Fusion Working for You: A Custom RSS Crawler JavaScript Stage

One of the most powerful features of Fusion is the built-in JavaScript stage.  However, you shouldn't really think of this stage as merely JavaScript stage.   Fusion uses the Nashorn JavaScript engine, which means you have at your fingertips access to all the Java class libraries used in the application.  What this means is that you can effectively script your own customized Java and/or JavaScript processing stages, and really make the Indexing Pipeline work for you, the way you want it to work. 
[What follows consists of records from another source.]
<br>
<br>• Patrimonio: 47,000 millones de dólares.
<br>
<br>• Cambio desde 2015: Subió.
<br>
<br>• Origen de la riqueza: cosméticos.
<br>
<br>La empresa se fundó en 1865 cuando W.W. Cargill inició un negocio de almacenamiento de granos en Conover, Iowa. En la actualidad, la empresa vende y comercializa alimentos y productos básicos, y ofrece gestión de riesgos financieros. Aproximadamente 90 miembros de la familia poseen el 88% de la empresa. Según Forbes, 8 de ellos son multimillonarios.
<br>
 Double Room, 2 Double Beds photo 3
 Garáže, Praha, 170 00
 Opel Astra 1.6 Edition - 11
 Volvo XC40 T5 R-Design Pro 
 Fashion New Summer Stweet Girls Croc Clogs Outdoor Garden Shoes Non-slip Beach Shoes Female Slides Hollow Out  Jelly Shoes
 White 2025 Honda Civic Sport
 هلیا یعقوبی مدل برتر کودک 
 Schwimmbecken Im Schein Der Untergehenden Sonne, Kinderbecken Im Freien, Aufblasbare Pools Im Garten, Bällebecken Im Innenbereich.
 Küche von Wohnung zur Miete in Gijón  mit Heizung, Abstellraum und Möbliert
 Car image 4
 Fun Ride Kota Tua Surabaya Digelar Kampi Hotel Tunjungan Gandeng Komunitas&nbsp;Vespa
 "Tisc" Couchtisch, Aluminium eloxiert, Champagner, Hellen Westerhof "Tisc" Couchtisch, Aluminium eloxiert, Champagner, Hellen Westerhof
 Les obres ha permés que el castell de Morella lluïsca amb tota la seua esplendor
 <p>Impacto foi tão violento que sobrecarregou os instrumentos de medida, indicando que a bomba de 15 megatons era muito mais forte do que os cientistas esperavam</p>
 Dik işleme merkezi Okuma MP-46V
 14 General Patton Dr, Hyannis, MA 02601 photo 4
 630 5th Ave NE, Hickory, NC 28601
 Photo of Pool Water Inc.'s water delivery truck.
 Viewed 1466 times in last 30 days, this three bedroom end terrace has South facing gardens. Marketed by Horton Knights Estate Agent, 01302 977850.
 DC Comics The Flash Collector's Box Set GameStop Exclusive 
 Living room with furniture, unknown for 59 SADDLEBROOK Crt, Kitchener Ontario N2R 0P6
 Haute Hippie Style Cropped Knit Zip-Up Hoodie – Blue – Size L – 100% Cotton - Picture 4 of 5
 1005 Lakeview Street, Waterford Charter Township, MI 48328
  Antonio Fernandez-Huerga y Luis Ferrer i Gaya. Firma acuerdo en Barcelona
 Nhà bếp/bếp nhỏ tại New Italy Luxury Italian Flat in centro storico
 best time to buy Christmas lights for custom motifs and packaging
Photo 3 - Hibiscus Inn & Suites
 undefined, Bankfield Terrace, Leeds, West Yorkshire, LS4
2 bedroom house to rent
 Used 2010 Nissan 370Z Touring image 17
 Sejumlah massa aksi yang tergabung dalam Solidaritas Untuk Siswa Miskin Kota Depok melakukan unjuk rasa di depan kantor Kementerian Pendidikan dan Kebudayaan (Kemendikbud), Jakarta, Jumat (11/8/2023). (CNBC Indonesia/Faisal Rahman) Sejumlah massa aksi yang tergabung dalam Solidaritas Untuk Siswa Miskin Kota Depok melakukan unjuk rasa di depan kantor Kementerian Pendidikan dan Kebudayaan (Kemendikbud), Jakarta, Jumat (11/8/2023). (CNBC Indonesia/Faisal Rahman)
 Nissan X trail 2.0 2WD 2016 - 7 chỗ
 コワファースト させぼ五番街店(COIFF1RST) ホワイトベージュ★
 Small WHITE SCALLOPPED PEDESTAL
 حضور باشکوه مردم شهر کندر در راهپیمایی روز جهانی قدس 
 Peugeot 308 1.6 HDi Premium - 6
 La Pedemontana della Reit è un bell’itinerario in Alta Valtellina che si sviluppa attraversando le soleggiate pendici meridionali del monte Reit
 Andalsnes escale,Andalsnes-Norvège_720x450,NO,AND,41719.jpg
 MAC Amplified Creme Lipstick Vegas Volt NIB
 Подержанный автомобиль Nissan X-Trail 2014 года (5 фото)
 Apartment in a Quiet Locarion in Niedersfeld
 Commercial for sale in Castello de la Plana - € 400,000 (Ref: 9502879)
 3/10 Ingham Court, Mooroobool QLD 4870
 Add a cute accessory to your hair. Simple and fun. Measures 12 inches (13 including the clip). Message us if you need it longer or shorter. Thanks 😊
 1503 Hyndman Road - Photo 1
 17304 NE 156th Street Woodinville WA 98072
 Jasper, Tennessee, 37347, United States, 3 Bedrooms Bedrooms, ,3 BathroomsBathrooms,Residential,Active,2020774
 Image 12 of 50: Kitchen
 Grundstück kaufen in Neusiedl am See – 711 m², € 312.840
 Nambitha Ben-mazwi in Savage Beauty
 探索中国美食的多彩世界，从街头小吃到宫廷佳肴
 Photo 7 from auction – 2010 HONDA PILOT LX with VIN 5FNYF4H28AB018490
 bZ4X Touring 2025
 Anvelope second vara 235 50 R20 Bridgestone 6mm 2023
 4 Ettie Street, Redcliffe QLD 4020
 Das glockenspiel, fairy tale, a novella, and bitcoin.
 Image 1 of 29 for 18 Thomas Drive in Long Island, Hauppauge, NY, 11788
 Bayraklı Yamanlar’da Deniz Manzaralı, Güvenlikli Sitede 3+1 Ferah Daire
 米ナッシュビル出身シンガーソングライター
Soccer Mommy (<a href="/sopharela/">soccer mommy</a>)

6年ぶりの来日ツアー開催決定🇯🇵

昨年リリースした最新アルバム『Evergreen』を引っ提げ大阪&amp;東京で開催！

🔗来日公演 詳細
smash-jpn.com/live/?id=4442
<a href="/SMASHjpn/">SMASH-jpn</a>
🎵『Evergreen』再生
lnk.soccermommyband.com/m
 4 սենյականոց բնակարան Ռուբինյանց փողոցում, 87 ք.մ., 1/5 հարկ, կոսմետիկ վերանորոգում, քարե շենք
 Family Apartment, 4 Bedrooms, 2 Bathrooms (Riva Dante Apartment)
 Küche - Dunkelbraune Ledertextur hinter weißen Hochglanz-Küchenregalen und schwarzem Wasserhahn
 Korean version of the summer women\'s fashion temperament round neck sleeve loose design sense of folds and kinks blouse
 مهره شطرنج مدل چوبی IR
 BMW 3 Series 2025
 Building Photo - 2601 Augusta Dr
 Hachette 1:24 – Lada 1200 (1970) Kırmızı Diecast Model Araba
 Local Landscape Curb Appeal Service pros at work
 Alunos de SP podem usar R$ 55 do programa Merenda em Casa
So first off, we need to get our feet wet with Nashorn JavaScript.  Nashorn (German for Rhinoceros) was released around the end of 2012.   While much faster than it's predecessor 'Rhino', it also incorporated one long-desired feature:  The combining of Java and JavaScript.  Though two entirely separate languages, these two have, as the saying goes, "had a date with destiny" for a long time. 

 

Hello World

To start with, let us take a look at the most fundamental function in a Fusion JavaScript Stage:

function(doc){
   logger.info("Doc ID: "+doc.getId());
return doc;
}

At the heart of things, this is the most basic function. Note that you will pass in a 'doc' argument, which will always be a PipelineDocument, and you will return that document (or, as an alternative, an array of documents, but that's another story we'll cover in separate article).  The 'id' of this document will be the URL being crawled; and, thanks to the Tika Parser, the 'body' attribute will be the raw XML of our RSS feed. 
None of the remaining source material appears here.